The 1->13 MUX and Transaction Separators

Let’s consider peripheral register access. The CPU reading a register from, for instance, the I2C core involves a Wishbone transaction passing through two crossbar instances: the main crossbar and the shared bus crossbar:

CPU access to I2C, passing through two crossbars

CPU access to I2C, passing through two crossbars.

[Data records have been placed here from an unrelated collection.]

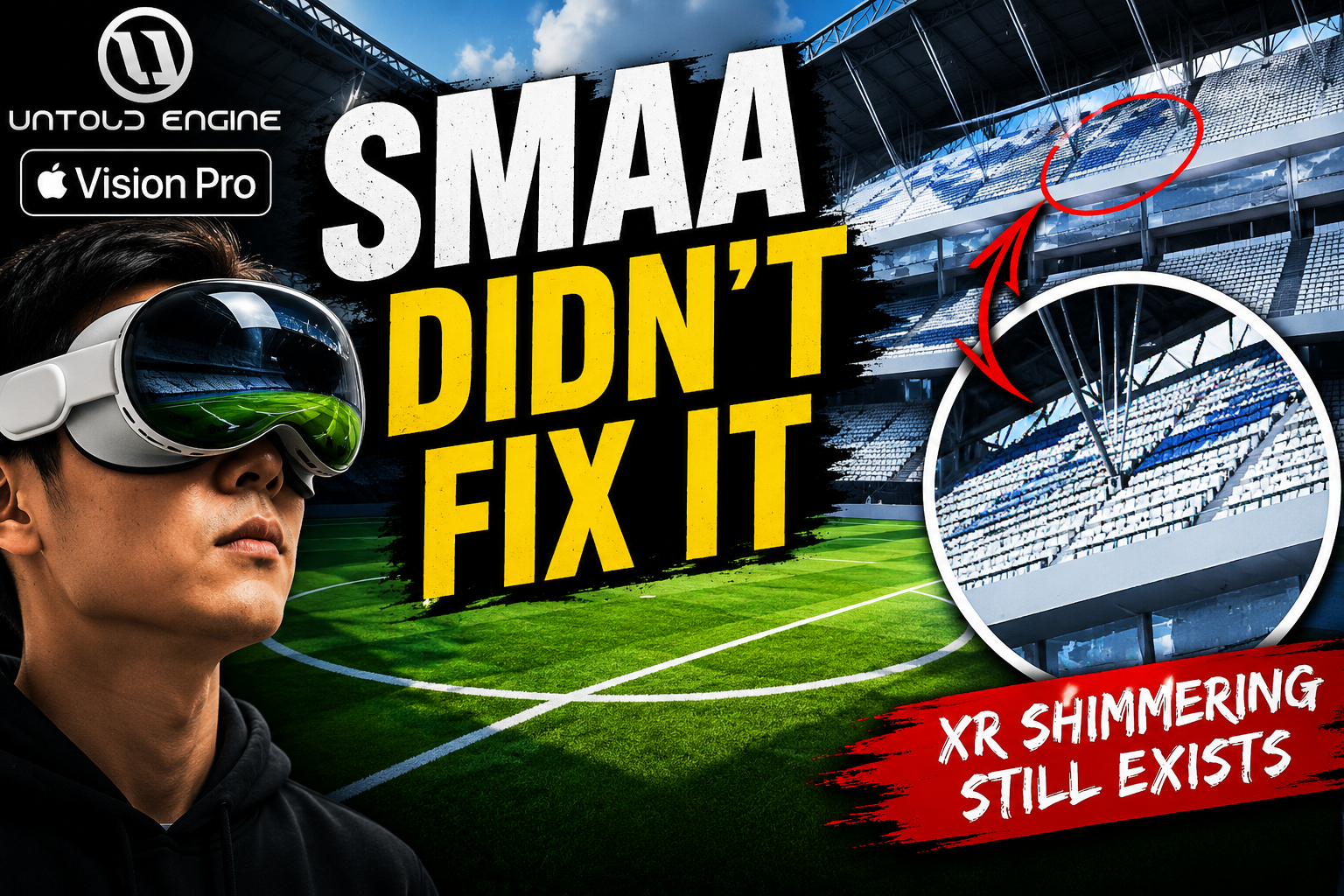 I Thought SMAA Would Fix XR Shimmering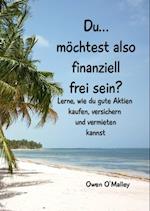 Du möchtest also finanziell frei sein?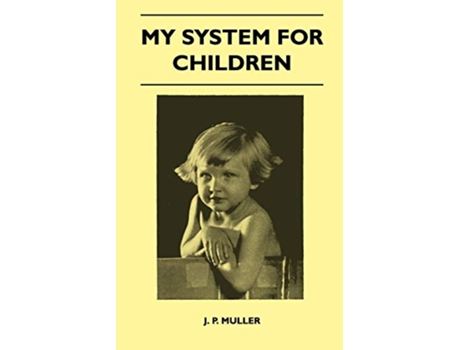 Livro My System For Children de J P Muller (Inglês)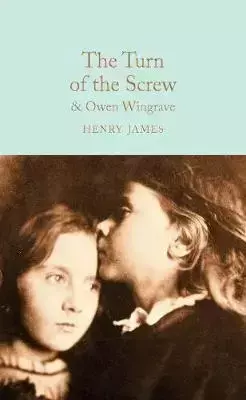 The Turn of the Screw and Owen Wingrave. Collector's Library - Henry James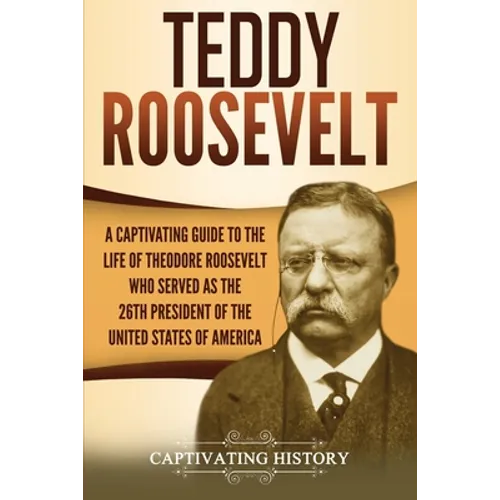 Teddy Roosevelt: A Captivating Guide to the Life of Theodore Roosevelt Who Served as the 26th President of the United States of America - Paperback
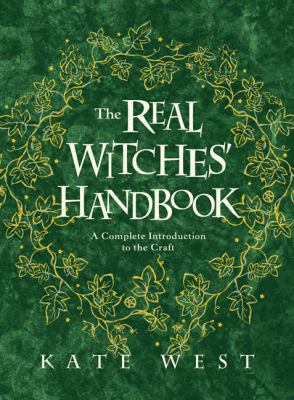 The Real Witches' Handbook: A Complete Introduc... 0738713759 Book Cover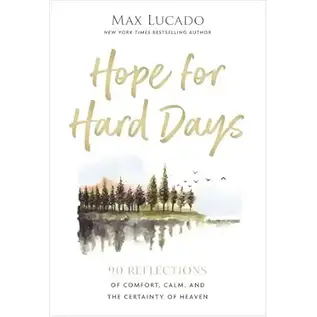 Hope for Hard Days, Max Lucado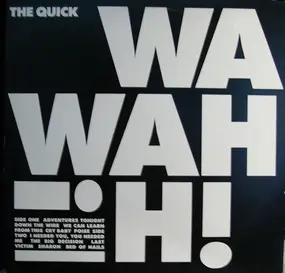 Quick - Wah Wah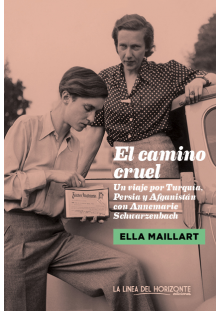 "El camino cruel", Ella Maillart (Literatura y viajes; Tertulia literaria)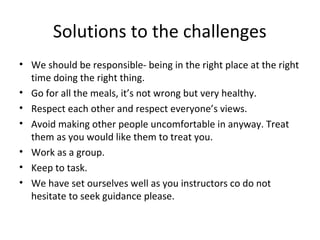 Solutions to the challenges
• We should be responsible- being in the right place at the right
time doing the right thing.
• Go for all the meals, it’s not wrong but very healthy.
• Respect each other and respect everyone’s views.
• Avoid making other people uncomfortable in anyway. Treat
them as you would like them to treat you.
• Work as a group.
• Keep to task.
• We have set ourselves well as you instructors co do not
hesitate to seek guidance please.

 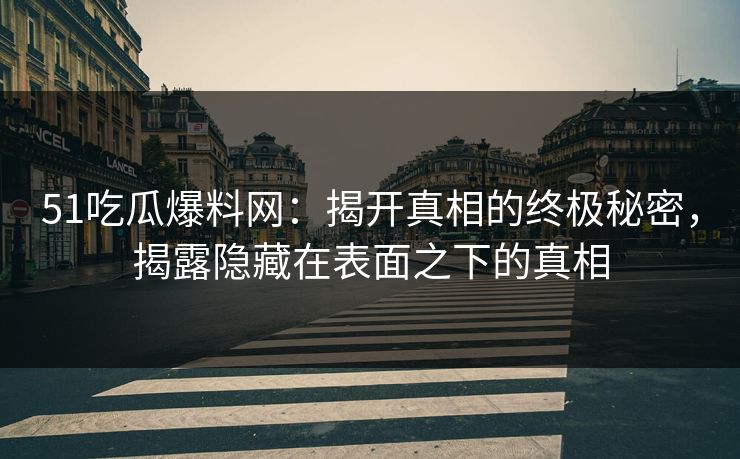 51吃瓜爆料网：揭开真相的终极秘密，揭露隐藏在表面之下的真相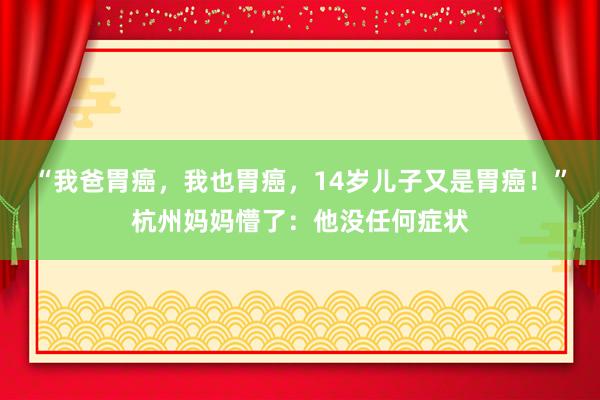 “我爸胃癌，我也胃癌，14岁儿子又是胃癌！”杭州妈妈懵了：他没任何症状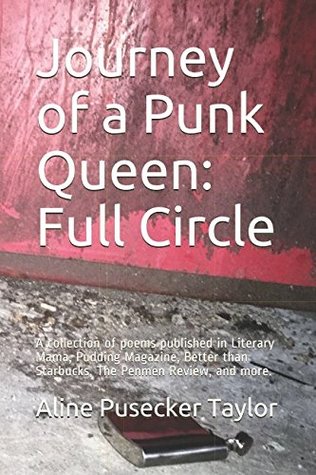 Full Download Journey of a Punk Queen: Full Circle: A collection of poems published in Literary Mama, Pudding Magazine, Better than Starbucks, The Penmen Review, and more. - Aline Pusecker Taylor | PDF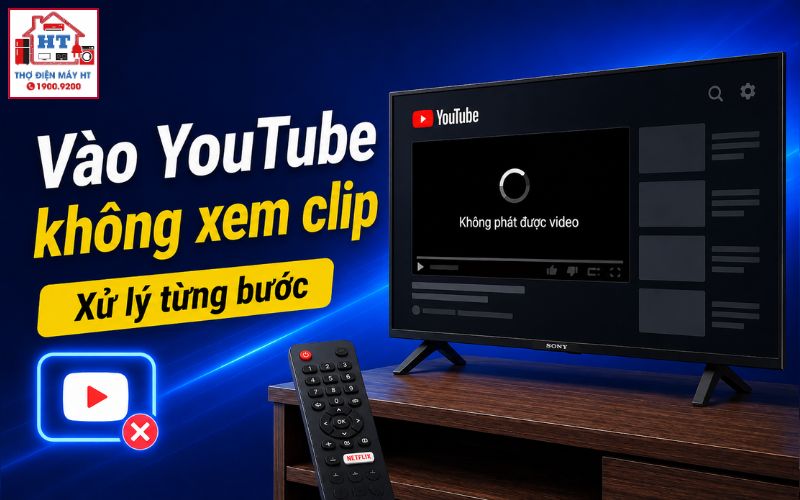 tivi vào được YouTube nhưng không xem được clip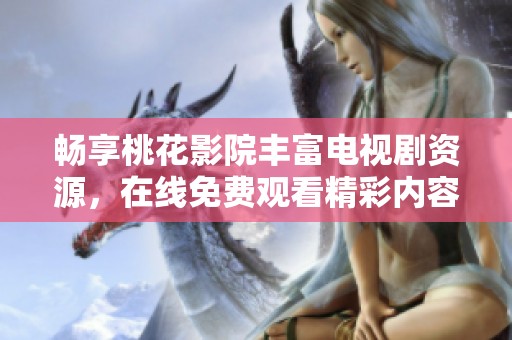 畅享桃花影院丰富电视剧资源，在线免费观看精彩内容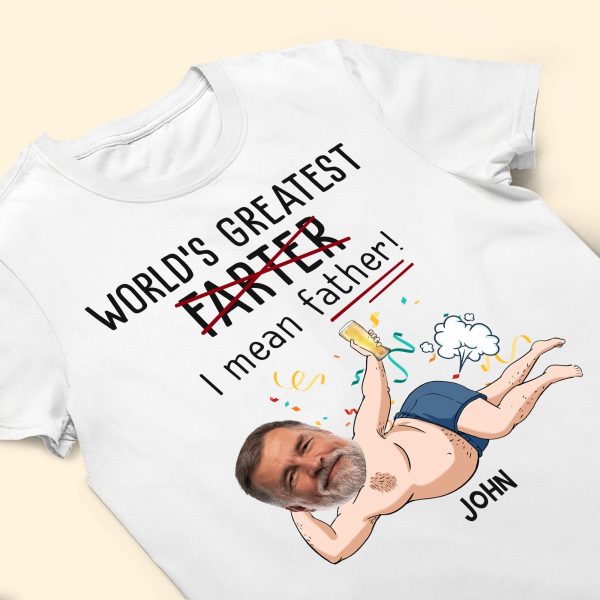 Funny-Best-Dad-World_s-Greatest-Farter-I-Mean-Father-Personalized-Photo-Shirt_3.jpg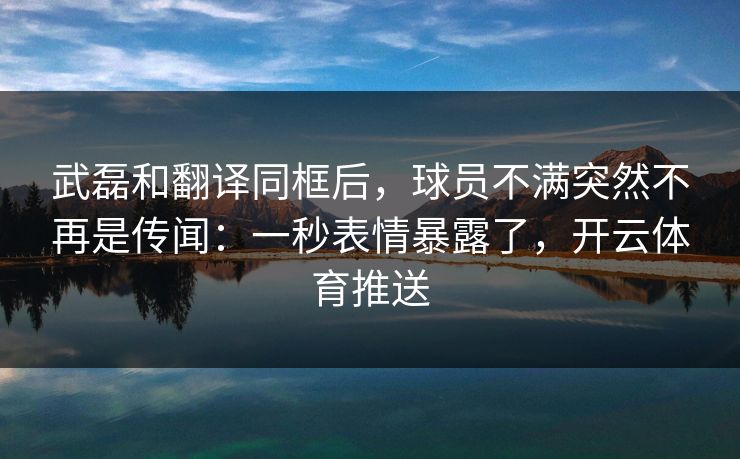 武磊和翻译同框后，球员不满突然不再是传闻：一秒表情暴露了，开云体育推送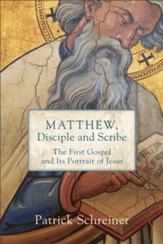 Matthew, Disciple and Scribe: The First Gospel and Its Portrait of Jesus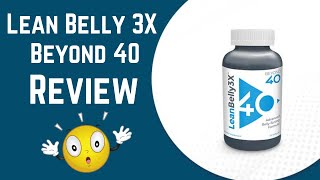 Lean Belly 3X  Beyond 40 Review | Introduction No Side Effects or Real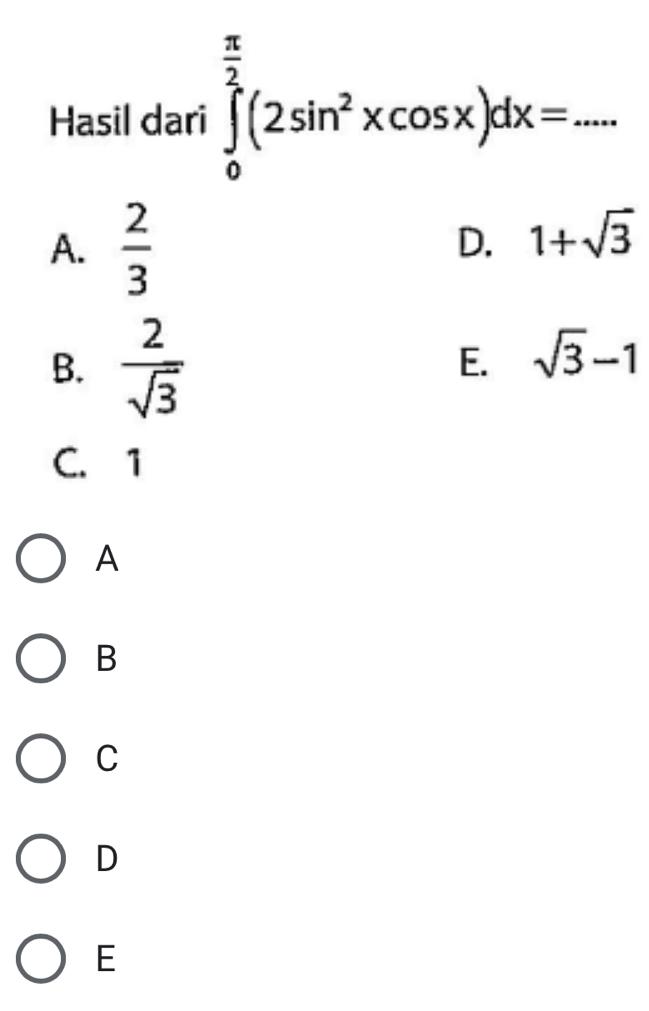 Hasil dari ∈tlimits _0^((frac π)2)(2sin^2xcos x)dx=... _
A.  2/3 
D. 1+sqrt(3)
B.  2/sqrt(3) 
E. sqrt(3)-1
C. 1
A
B
C
D
E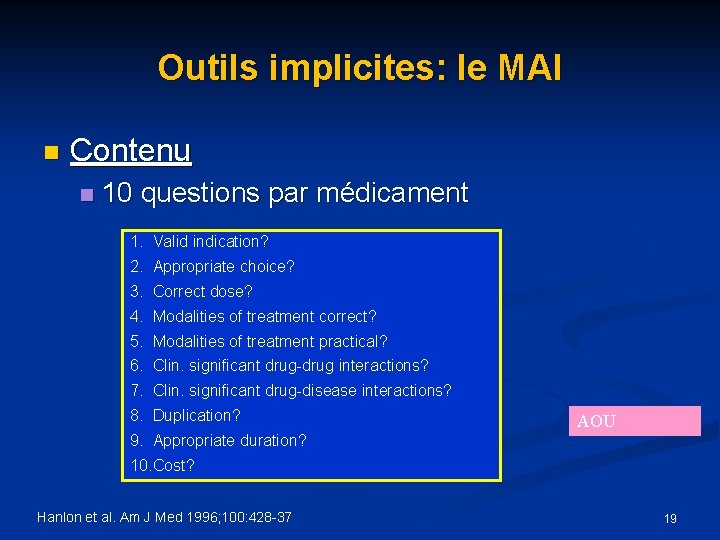 Outils implicites: le MAI n Contenu n 10 questions par médicament 1. Valid indication?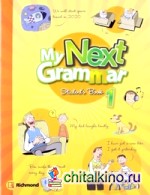 My Next Grammar 1: Student's Book and Workbook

So in the case of peripheral register access, we’re dealing with the same crossbar issues discussed in the previous section, times two. There are two things we can do to improve the situation:

  1. Replace the shared bus wbxbar instance with a 1->13 MUX, an extended version of the 1->2 MUX we’re already using at the processor ports. This MUX does not introduce any transaction latency.
  2. We can get rid of the channel switching irregularities by inserting Transaction Separators, or wb_stallers. These transaction separators deassert CYC for one clock cycle between transactions so there are no back-to-back transactions. This increases the transaction latency going through the main crossbar with one clock cycle, but it removes the channel switching irregularities.

BoxLambda SoC with two transaction separators and 1->13 MUX

BoxLambda SoC with two transaction separators and 1->13 MUX.

Transaction Separator Signals: wbm_* signals are bus master facing, wbs_* signals are bus slave facing

WB_Staller Transaction Separator signals: wbm_* signals are bus master facing, wbs_* signals are bus slave facing.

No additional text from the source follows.